→ Required action: Your output must be the lines below from the line containing "Plastic Suction Cup Hook (1 Pc) Your Brand" to the line containing "Mrs Ros Softshell", both lines included, reproduced exactly and without pictures.
(Data records Opens)
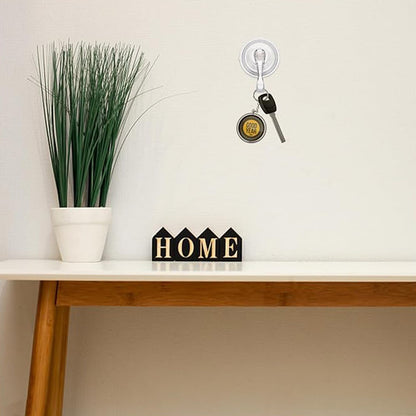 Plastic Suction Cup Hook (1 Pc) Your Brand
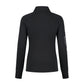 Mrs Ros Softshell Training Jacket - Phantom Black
(Data records Closes)
(Data records Opens)
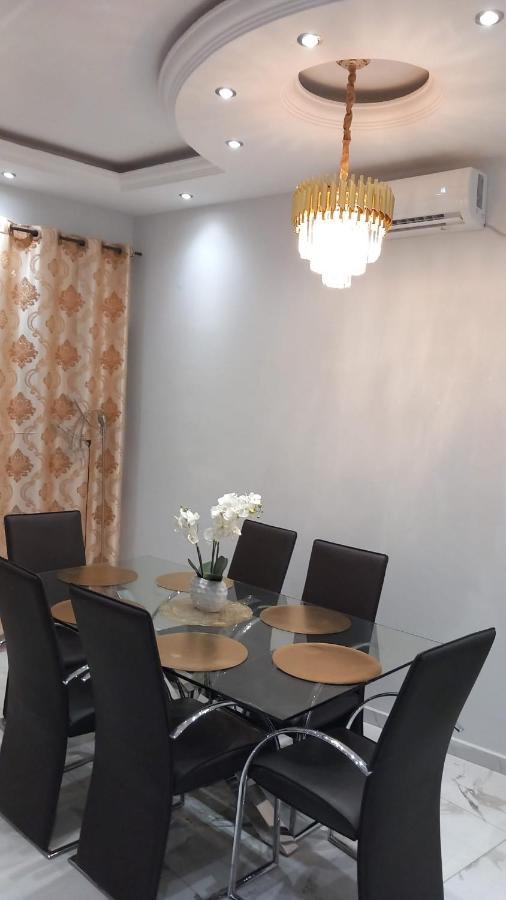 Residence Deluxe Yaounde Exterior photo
(Data records Closes)
→ Written solution:
 Plastic Suction Cup Hook (1 Pc) Your Brand
 Mrs Ros Softshell Training Jacket - Phantom Black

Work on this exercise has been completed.